AttributeError: 'Wildcards' object has no attribute 'batch', when formatting the following:

./somescript.py --outdir {OUTDIR} --idlist {input.idlist}  --totalbatches {nBATCHES} --current_batch {wildcards.batch}

Executing script for a single batch manually looks like this (and works): (total_batches is a constant; current_batch is supposed to iterate)

./somescript.py --outdir my_dir/ --idlist ids.csv --total_batches 20 --current_batch 1


Solution

  • You seem to want to run the rule step5 once for each batch in BATCHES. So you need to structure your Snakefile to do exactly that.

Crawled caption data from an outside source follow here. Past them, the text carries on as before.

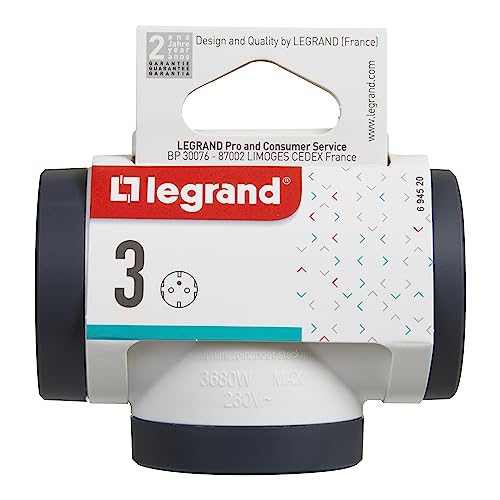 Adaptador elétrico LEGRAND 694520 (Branco) Legrand - Fios e cabos elétricos - tomada EU, tipo f, tipo l, 3 saídas ac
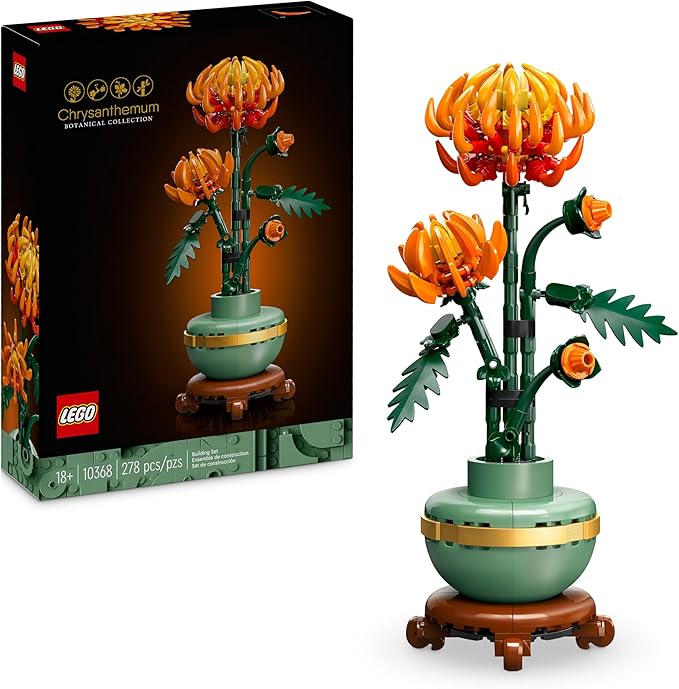 LEGO Botanical Crisantemo Adorno de Flores Artificiales, Decoración Floral para el Hogar y Oficina, Maqueta para Construir para Adultos de Planta Artificial, Regalo para Mujeres y Hombres 10368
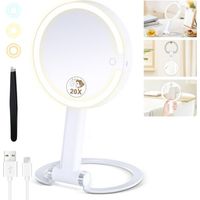 20X Magnifying Mirror with Light, Lighted Makeup Mirror with 20X/1X Magnification, 3 Color Light and Adjustable Brightness, 3-in-1 Multifunctional Makeup Mirror with Lights 2000mAh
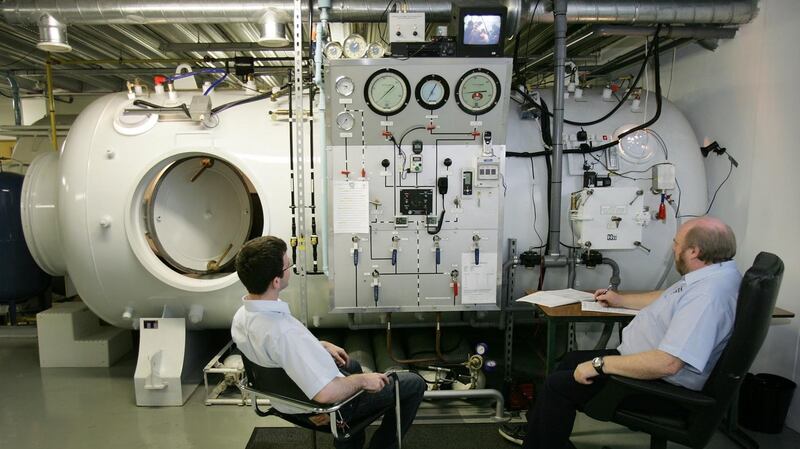 Hyperbaric oxygen therapy treats decompression sickness, carbon monoxide poisoning, delayed radiation injury, diabetic wounds, gangrene and other infections in which tissues are starved of oxygen.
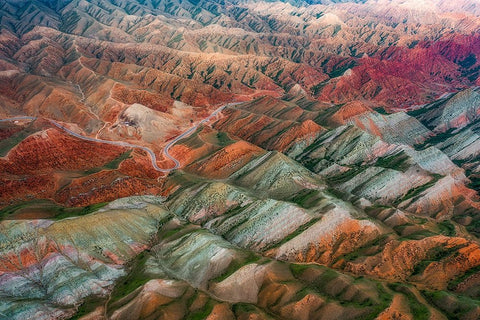 AcÂƒAAndFrac12;CacAndSup1;EÂœÂž White Modern Wood Framed Art Print with Double Matting by Wang, Xiaoyang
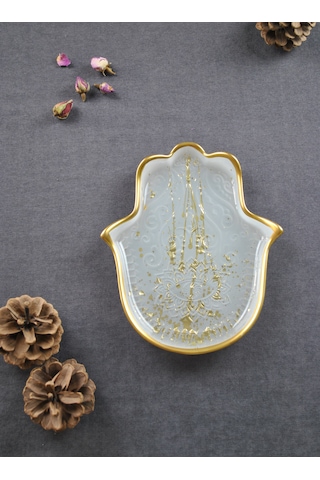 Hamsa Model Gold Sunumluk Çerezlik Tabağı Fatma Ana Eli Tabak 20
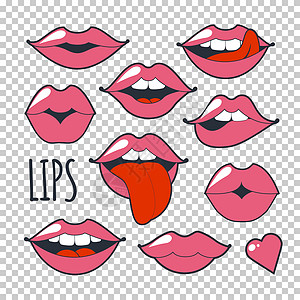 设置迷人的古怪图标 时装设计的插图 亮粉色妆吻痕 在透明背景上隔离的 80 年代和 90 年代卡通风格的热情嘴唇乐趣徽章绘画贴纸图片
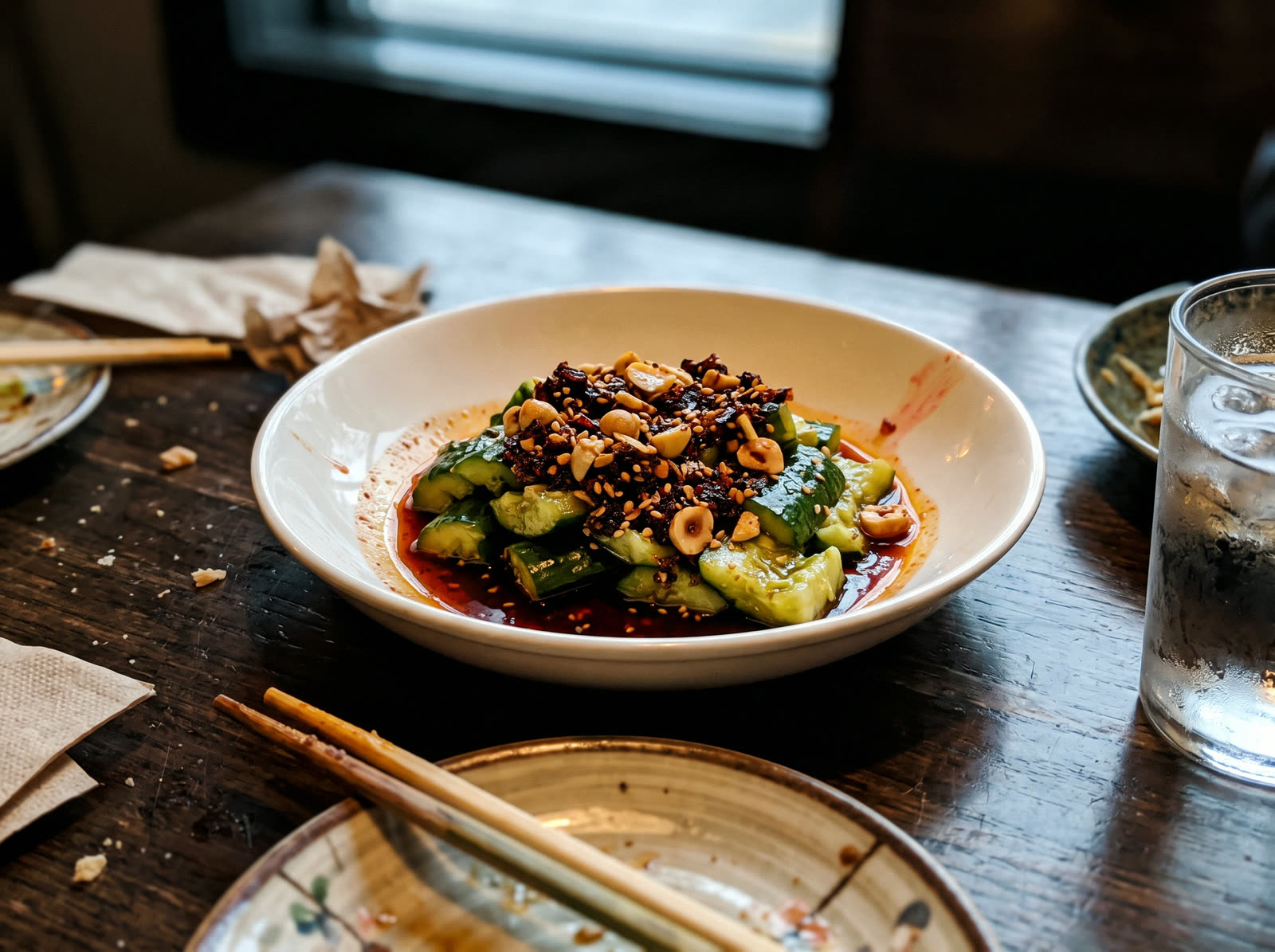 Smashed cucumber with chili crisp, hazelnuts and sesame in a white bowl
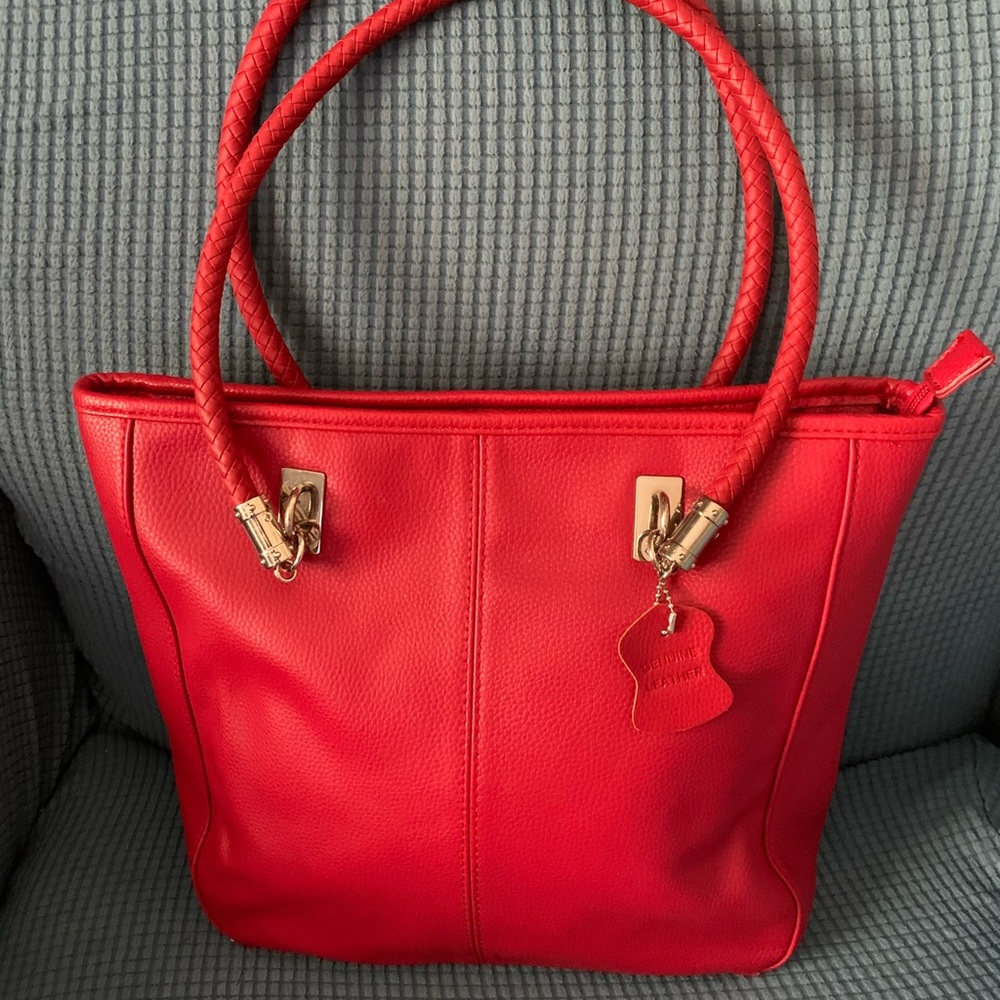 Large Red Leather Handbag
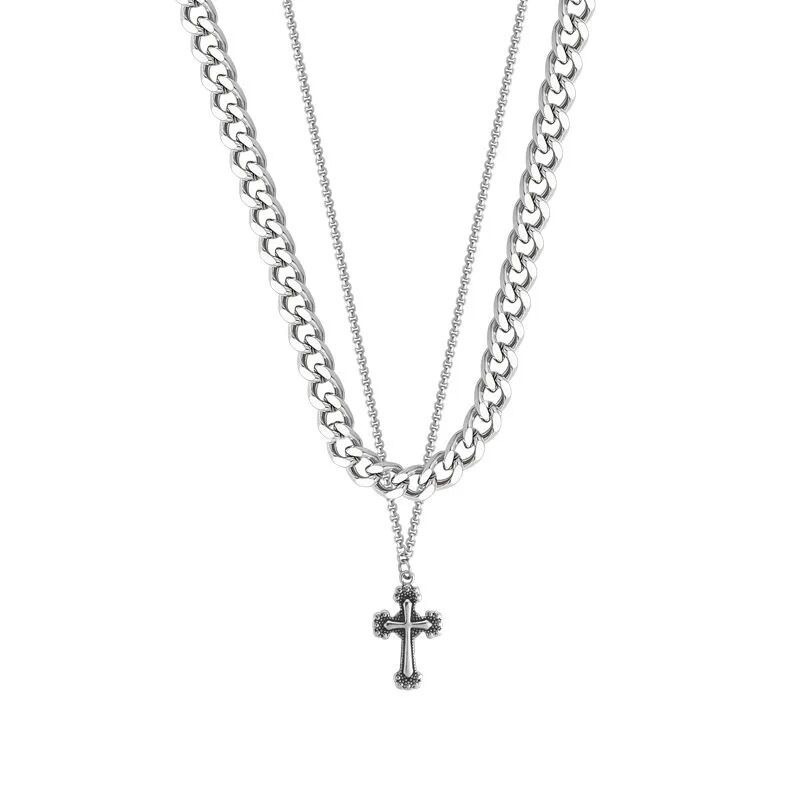 Collier pendentif croix vintage en acier titane pour femme, double rangée, style hip-hop, chaîne cubaine pour clavicule, pour homme_voghion.com
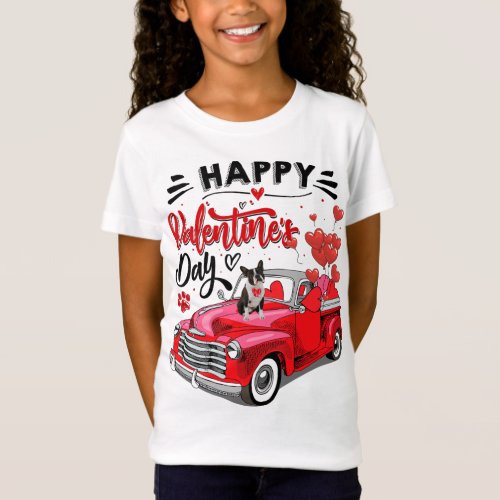 Cute Boston Terrier Dog Red Truck Happy Valentine T_Shirt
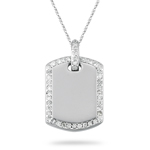 2/5 Cts Diamond Dog-Tag Pendant in 14K White Gold 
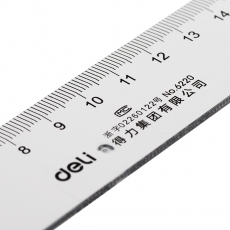 得力(Deli) 20cm有机透明直尺 刻度尺塑料直尺#6220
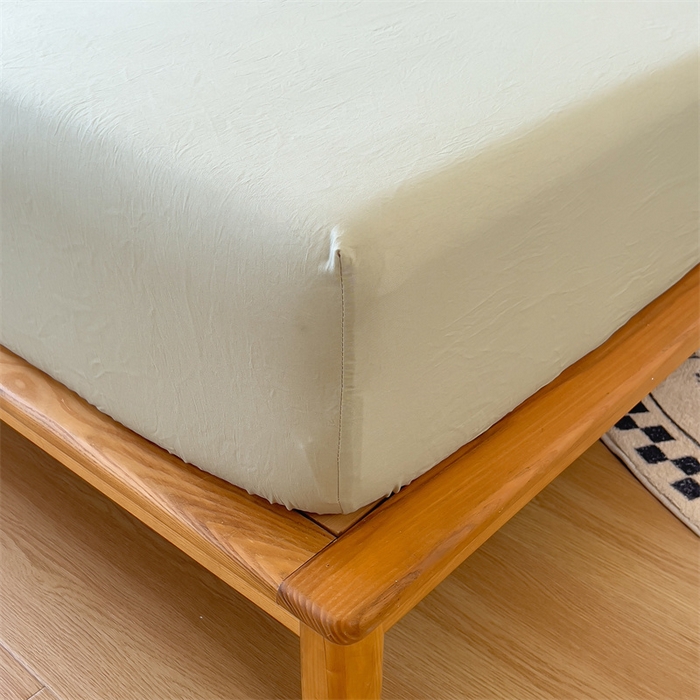 91家纺网 家纺一手货源 找家纺 多品 2024新款水洗棉皱皱纱单品床笠 奶茶咖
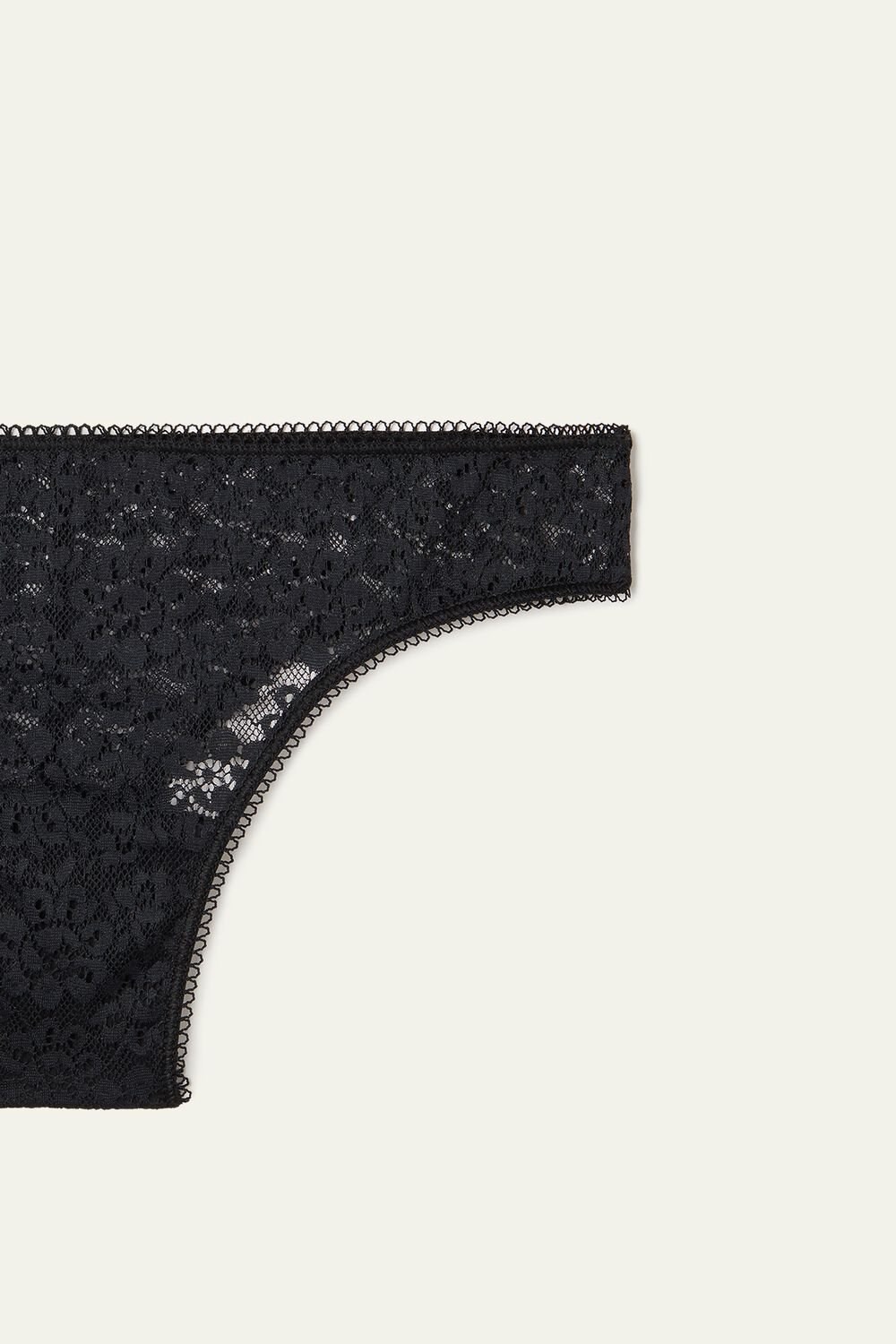 Black Black 019 Tezenis Recycled Lace Brazilian Panties | 586497-YEM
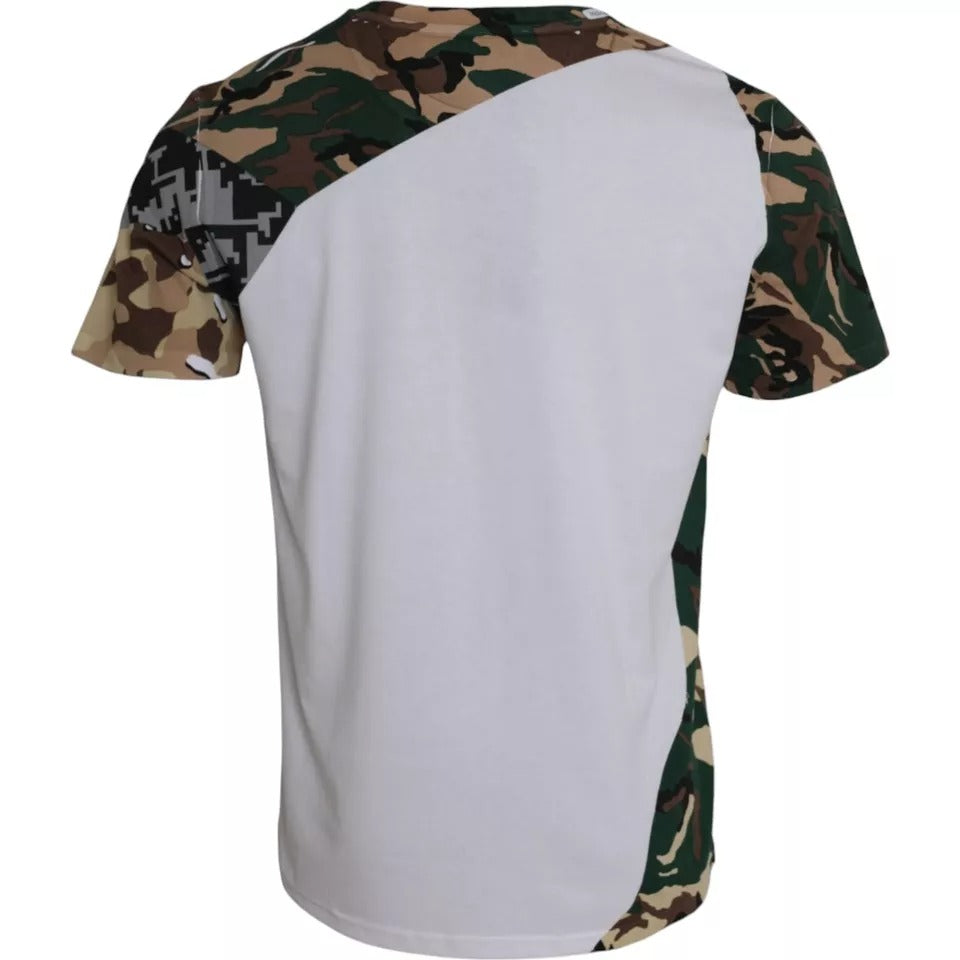 Dolce &amp;amp; Gabbana Vit Kamouflage Stjärnor Rund Neck Herr T-shirt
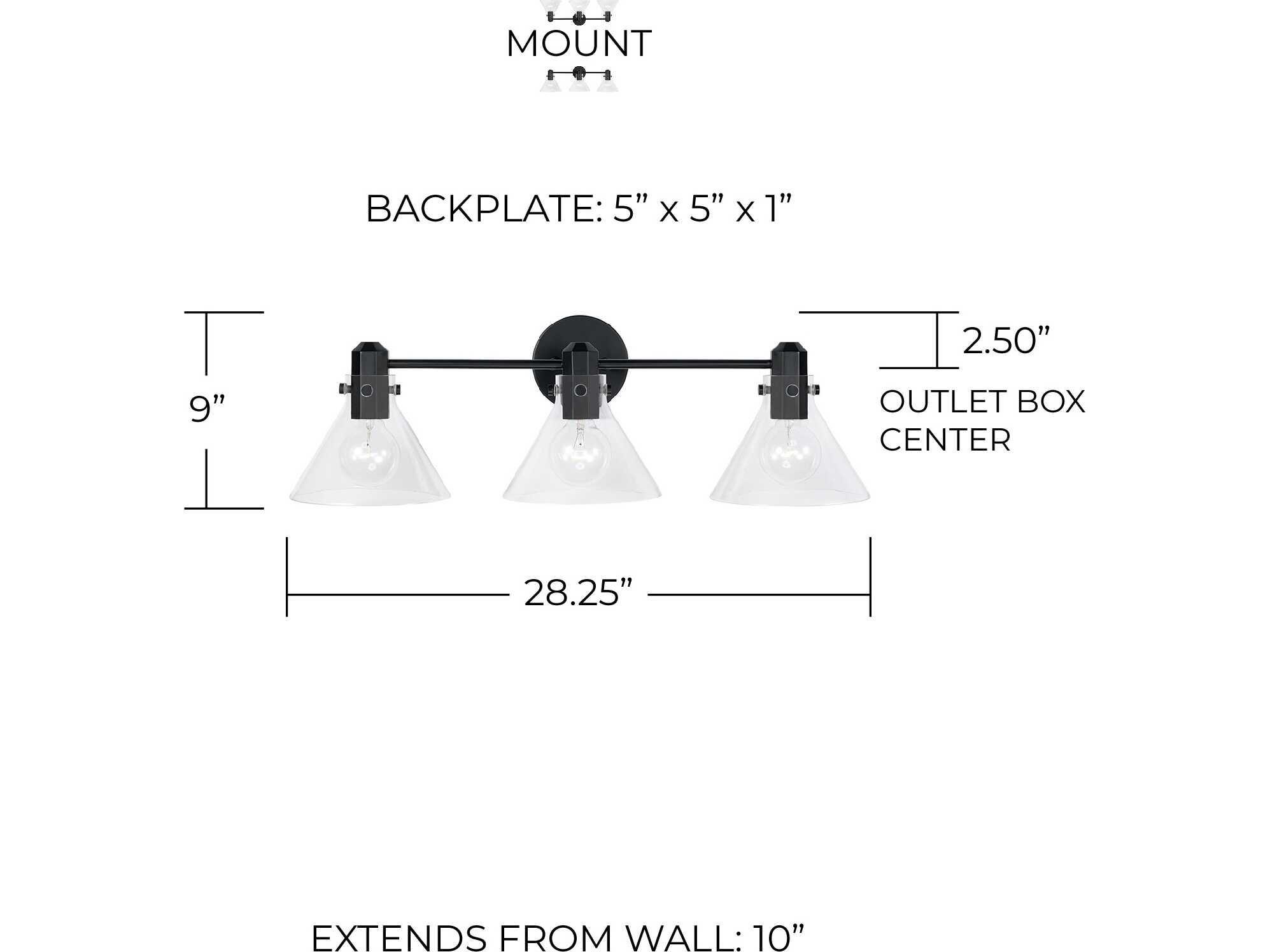 Capital Lighting Greer 3-Light Matte Black Glass Vanity Light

    In the following Snakefile running the rule all runs your rule step5 for all combinations of OUTDIR and BATCHES:

    OUTDIR = "my_dir"
    nBATCHES = 20
    BATCHES = list(range(1, 21))  # [1,2,3 ..20] list
    IDLIST = ["a", "b"] # dummy data, I don't have the original
    
    rule all:
        input:
            type1=expand(
                "{OUTDIR}/resources/{batch}_output_type1.csv.gz",
                OUTDIR=OUTDIR,
                batch=BATCHES,
            ),
    
    
    rule step5:
        input:
            ids=expand("{IDLIST}", IDLIST=IDLIST),
        output:
            type1="{OUTDIR}/resources/{batch}_output_type1.csv.gz",
            type2="{OUTDIR}/resources/{batch}_output_type2.csv.gz",
            type3="{OUTDIR}/resources/{batch}_output_type3.csv.gz",
        shell:
            "./some_script.py --outdir {OUTDIR} --idlist {input.ids}  --total_batches {nBATCHES} --current_batch {wildcards.batch}"
    

    In your earlier version {batches} was just an expand-placeholder, but not a wildcard and the rule was only called once.

    Instead of the rule all, this could be a subsequent rule which uses one or multiple of the outputs generated from step5.